● WHAT NEEDS TO BE DONE: Give back the full data, unchanged and complete.
──────────
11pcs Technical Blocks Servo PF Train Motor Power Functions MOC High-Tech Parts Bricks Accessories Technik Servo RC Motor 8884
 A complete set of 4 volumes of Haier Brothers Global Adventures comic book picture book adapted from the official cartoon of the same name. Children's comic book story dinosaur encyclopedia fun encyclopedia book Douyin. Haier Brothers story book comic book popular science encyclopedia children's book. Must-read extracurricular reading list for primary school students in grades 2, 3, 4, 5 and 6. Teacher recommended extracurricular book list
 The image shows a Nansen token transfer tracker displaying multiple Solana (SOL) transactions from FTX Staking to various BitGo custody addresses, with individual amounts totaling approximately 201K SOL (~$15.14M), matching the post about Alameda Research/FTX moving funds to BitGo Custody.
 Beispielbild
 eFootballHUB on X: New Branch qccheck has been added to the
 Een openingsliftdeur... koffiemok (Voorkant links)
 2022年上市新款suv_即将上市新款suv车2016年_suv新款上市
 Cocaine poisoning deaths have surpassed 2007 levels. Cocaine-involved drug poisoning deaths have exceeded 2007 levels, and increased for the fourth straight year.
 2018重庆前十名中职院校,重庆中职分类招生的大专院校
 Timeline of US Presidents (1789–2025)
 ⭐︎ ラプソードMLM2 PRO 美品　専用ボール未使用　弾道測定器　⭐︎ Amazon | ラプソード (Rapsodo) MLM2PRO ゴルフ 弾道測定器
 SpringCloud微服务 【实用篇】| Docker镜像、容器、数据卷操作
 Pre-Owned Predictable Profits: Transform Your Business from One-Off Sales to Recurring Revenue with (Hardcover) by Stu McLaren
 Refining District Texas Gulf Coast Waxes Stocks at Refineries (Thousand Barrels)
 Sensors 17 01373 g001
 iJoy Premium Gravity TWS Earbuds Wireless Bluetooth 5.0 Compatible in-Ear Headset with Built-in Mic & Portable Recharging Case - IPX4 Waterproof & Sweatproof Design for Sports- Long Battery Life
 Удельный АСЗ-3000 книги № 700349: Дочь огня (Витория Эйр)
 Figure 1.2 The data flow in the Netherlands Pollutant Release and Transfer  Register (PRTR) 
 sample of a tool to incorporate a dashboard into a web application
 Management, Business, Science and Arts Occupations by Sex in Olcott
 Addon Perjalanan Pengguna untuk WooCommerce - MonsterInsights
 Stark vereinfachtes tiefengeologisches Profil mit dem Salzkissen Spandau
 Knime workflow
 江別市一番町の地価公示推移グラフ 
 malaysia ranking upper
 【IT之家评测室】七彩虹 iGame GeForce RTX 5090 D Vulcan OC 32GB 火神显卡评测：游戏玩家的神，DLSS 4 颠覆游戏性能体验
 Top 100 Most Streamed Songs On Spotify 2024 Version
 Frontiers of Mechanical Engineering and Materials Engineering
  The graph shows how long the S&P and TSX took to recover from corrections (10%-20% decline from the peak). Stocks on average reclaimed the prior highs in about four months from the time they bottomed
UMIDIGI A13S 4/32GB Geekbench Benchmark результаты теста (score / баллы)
──────────
● SOLVED PROBLEM:
11pcs Technical Blocks Servo PF Train Motor Power Functions MOC High-Tech Parts Bricks Accessories Technik Servo RC Motor 8884
 A complete set of 4 volumes of Haier Brothers Global Adventures comic book picture book adapted from the official cartoon of the same name. Children's comic book story dinosaur encyclopedia fun encyclopedia book Douyin. Haier Brothers story book comic book popular science encyclopedia children's book. Must-read extracurricular reading list for primary school students in grades 2, 3, 4, 5 and 6. Teacher recommended extracurricular book list
 The image shows a Nansen token transfer tracker displaying multiple Solana (SOL) transactions from FTX Staking to various BitGo custody addresses, with individual amounts totaling approximately 201K SOL (~$15.14M), matching the post about Alameda Research/FTX moving funds to BitGo Custody.
 Beispielbild
 eFootballHUB on X: New Branch qccheck has been added to the
 Een openingsliftdeur... koffiemok (Voorkant links)
 2022年上市新款suv_即将上市新款suv车2016年_suv新款上市
 Cocaine poisoning deaths have surpassed 2007 levels. Cocaine-involved drug poisoning deaths have exceeded 2007 levels, and increased for the fourth straight year.
 2018重庆前十名中职院校,重庆中职分类招生的大专院校
 Timeline of US Presidents (1789–2025)
 ⭐︎ ラプソードMLM2 PRO 美品　専用ボール未使用　弾道測定器　⭐︎ Amazon | ラプソード (Rapsodo) MLM2PRO ゴルフ 弾道測定器
 SpringCloud微服务 【实用篇】| Docker镜像、容器、数据卷操作
 Pre-Owned Predictable Profits: Transform Your Business from One-Off Sales to Recurring Revenue with (Hardcover) by Stu McLaren
 Refining District Texas Gulf Coast Waxes Stocks at Refineries (Thousand Barrels)
 Sensors 17 01373 g001
 iJoy Premium Gravity TWS Earbuds Wireless Bluetooth 5.0 Compatible in-Ear Headset with Built-in Mic & Portable Recharging Case - IPX4 Waterproof & Sweatproof Design for Sports- Long Battery Life
 Удельный АСЗ-3000 книги № 700349: Дочь огня (Витория Эйр)
 Figure 1.2 The data flow in the Netherlands Pollutant Release and Transfer  Register (PRTR) 
 sample of a tool to incorporate a dashboard into a web application
 Management, Business, Science and Arts Occupations by Sex in Olcott
 Addon Perjalanan Pengguna untuk WooCommerce - MonsterInsights
 Stark vereinfachtes tiefengeologisches Profil mit dem Salzkissen Spandau
 Knime workflow
 江別市一番町の地価公示推移グラフ 
 malaysia ranking upper
 【IT之家评测室】七彩虹 iGame GeForce RTX 5090 D Vulcan OC 32GB 火神显卡评测：游戏玩家的神，DLSS 4 颠覆游戏性能体验
 Top 100 Most Streamed Songs On Spotify 2024 Version
 Frontiers of Mechanical Engineering and Materials Engineering
  The graph shows how long the S&P and TSX took to recover from corrections (10%-20% decline from the peak). Stocks on average reclaimed the prior highs in about four months from the time they bottomed
UMIDIGI A13S 4/32GB Geekbench Benchmark результаты теста (score / баллы)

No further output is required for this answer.